上記記載事項アの「通信機器やネットワーク関連機器等のコンピュータ関連の機器類を保管するラック」との記載、【図1】及び【図2】から、センサー5が装着された板(以下、「天板」という。)とラックPを構成する底の板(以下、「底板」という。)との間にわたってコンピュータ関連の機器類を装着可能な、天板から底板に向かう方向(以下、「上下方向」という。)のフレームP1を具備するとともに、該フレームP1の側方をスライド側板2によって覆うようにしたコンピュータ関連の機器類用ラックPが看て取れる。


【図1】及び【図4】から、スライド側板2が底板と天板との間で前後方向(以下、スライド側板2がスライドする方向を「前後方向」という。)へスライド可能に装着されていることが看て取れる。



【図1】及び【図2】から、スライド側板2を前後方向へスライド可能に嵌め合せる、コンピュータ関連の機器類用ラックPの内側から見て最も外側に設けられた帯板3A(以下、「最も外側の帯板3A」という。

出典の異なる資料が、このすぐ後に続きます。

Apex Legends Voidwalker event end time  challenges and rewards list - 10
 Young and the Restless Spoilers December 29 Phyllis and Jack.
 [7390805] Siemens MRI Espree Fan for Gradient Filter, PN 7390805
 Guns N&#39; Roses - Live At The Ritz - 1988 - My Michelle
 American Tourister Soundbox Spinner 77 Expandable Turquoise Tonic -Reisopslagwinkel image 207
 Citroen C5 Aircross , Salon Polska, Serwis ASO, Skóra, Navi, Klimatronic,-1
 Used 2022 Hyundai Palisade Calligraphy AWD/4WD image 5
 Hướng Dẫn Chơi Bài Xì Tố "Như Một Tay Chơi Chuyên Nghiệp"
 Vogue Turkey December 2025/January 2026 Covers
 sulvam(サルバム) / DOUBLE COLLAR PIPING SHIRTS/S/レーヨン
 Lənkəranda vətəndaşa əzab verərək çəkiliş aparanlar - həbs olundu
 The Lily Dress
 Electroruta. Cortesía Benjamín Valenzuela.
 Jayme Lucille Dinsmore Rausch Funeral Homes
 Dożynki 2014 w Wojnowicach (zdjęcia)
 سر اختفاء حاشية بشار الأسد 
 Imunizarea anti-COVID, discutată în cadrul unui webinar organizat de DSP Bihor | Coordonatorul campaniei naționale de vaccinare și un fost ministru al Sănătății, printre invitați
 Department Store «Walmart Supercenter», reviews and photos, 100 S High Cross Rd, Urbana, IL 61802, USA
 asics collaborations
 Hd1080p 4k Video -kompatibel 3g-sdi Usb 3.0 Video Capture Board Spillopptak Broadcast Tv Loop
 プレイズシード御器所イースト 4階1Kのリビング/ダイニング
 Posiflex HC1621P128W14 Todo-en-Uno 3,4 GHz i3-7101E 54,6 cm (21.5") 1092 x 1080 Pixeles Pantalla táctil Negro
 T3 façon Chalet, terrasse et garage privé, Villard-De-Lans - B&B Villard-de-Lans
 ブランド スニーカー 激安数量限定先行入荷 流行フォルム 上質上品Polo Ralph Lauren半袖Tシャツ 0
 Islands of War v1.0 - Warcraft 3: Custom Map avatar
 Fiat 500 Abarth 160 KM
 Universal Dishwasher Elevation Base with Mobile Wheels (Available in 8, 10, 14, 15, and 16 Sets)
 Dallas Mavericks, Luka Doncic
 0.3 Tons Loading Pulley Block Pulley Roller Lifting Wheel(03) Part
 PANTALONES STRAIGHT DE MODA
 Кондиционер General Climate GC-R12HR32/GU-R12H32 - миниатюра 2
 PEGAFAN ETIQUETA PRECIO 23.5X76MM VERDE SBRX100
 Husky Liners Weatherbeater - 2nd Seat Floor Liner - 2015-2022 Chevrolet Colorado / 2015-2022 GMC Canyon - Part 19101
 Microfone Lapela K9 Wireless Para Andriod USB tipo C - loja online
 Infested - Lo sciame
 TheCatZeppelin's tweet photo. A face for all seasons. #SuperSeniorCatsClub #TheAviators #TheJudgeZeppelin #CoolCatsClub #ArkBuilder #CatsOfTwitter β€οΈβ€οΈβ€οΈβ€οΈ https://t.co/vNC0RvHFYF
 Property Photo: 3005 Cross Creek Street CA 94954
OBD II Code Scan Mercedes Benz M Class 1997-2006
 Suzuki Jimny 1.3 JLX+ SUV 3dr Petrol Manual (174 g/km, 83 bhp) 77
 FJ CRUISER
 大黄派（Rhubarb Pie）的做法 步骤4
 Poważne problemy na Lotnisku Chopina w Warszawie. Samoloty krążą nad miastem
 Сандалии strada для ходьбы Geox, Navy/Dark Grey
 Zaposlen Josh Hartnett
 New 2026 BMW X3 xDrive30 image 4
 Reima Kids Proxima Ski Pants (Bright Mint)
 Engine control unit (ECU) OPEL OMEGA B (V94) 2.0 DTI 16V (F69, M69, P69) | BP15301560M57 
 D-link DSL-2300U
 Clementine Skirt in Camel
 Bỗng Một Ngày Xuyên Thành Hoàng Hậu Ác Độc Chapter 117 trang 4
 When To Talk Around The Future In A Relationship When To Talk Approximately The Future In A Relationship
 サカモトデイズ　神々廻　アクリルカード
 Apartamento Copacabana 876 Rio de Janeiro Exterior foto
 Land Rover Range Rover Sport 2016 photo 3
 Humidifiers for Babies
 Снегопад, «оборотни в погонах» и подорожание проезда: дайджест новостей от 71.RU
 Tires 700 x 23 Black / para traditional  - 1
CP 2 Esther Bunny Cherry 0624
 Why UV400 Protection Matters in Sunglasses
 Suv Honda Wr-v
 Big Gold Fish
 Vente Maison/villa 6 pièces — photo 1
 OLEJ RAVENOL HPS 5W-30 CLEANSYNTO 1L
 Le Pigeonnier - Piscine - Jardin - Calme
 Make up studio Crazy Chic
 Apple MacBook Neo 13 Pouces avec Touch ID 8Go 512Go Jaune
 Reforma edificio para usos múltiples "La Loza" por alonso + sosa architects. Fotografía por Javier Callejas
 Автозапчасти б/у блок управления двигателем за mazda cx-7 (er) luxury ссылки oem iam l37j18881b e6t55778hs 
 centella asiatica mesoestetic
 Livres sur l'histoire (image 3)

)が看て取れる。


【図1】及び【図3】から、前後方向のフレームP1は、最も外側の帯板3Aからコンピュータ関連の機器類用ラックの内部側へ離して配置されていることが看て取れる。
また、フレームP1はラックPを形成するものであるから、上下方向のフレームP1は、底板と天板との間で前後方向のフレームP1に止着していることが理解できる。


上記記載事項アの「スライド側板2は、横並びに連結した複数のラックPから任意のラックPのスライド側板2を自在に引き抜けるようにしている」との記載及び【図4】から、コンピュータ関連の機器類用ラックを横幅方向へ複数連設してスライド側板2を前方又は後方へスライドさせた場合に、上下方向のフレームP1の側方に、最も外側の帯板3Aから上下方向のフレームP1まで水平方向に連続する空間があることが理解できる。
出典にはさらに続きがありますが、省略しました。